» ASSIGNMENT
Filter the records below and copy every line containing the word "Hair".

—————

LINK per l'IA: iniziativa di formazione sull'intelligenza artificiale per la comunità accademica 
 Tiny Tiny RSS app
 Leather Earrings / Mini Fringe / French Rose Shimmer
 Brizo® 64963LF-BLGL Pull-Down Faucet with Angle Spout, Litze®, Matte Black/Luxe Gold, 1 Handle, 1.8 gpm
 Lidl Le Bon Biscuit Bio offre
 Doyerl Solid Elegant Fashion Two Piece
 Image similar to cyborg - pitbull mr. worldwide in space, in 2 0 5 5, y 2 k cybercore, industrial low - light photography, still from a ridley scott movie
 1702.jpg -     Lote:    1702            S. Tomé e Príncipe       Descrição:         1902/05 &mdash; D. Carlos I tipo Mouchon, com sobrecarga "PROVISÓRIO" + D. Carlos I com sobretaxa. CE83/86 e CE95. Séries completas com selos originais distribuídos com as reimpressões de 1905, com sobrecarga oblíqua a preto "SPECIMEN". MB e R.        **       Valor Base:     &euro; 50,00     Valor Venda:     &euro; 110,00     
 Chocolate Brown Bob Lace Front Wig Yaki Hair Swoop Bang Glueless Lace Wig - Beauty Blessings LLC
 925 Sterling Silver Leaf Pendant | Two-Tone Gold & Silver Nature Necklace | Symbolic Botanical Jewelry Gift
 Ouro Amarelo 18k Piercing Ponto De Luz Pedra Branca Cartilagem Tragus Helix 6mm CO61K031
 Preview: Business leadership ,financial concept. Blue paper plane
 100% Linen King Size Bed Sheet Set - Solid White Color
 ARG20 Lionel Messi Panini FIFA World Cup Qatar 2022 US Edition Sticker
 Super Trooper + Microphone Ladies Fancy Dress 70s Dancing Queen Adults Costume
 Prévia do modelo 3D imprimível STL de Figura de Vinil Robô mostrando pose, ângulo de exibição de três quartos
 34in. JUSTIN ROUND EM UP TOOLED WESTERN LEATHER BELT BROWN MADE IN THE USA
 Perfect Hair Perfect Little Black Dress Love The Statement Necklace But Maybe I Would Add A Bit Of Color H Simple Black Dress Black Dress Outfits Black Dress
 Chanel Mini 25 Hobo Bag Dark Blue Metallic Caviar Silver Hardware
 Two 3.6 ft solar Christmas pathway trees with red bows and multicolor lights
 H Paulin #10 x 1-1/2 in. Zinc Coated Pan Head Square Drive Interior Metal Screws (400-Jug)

—————

» RESPONSE BELOW
 Chocolate Brown Bob Lace Front Wig Yaki Hair Swoop Bang Glueless Lace Wig - Beauty Blessings LLC
 Perfect Hair Perfect Little Black Dress Love The Statement Necklace But Maybe I Would Add A Bit Of Color H Simple Black Dress Black Dress Outfits Black Dress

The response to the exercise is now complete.